Friday, April 20, 2012

Avocado Egg Salad

I hate mayonnaise. It smells funny, it has a weird color, and it jiggles. 


Unfortunately, I like a lot of things that have mayonnaise in them, so I started using avocado as a replacement. Here is an egg salad that is equally good made with tofu. Feel free to add or replace ingredients to your taste.




Avocado Egg Salad

4 hard boiled eggs or 1 cup extra firm tofu
1 ripe avocado
1 t lime juice
1 T finely chopped red or mild white onion
finely minced jalapeño (to taste, optional)
finely minced garlic (to taste, optional)
salt
black pepper
chipotle chili powder (to taste, optional)

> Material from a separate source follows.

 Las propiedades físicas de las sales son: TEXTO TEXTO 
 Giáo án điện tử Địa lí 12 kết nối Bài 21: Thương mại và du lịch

Put the avocado flesh into a bowl and mash it with a fork until it becomes smooth. Peel and cut the eggs into a few pieces, put them into another bowl, and mash with a fork until you form small chunks. If you are using tofu instead of eggs, wrap it in paper towels and put a heavy plate on top of it for 30 minutes to an hour to squeeze out the excess water before mashing it. 

Fold the egg or tofu into the mashed avocado and add to the mixture the lime juice, onion and jalapeño and garlic if using. Add salt and black pepper to taste. Add in the chipotle chili powder to taste, if using, or sprinkle it on top if serving open faced sandwiches or on crackers, like in the picture at the top. This salad can also be served on lettuce leaves, with pita chips, or you could just eat it with a spoon.


This recipe only takes about 10 minutes to make. Serves 4 and each serving has 156 calories. Avocados have healthy monounsaturated fat and 35% more potassium than bananas. They are also high in B vitamins, vitamin E, vitamin K and fiber so enjoy them!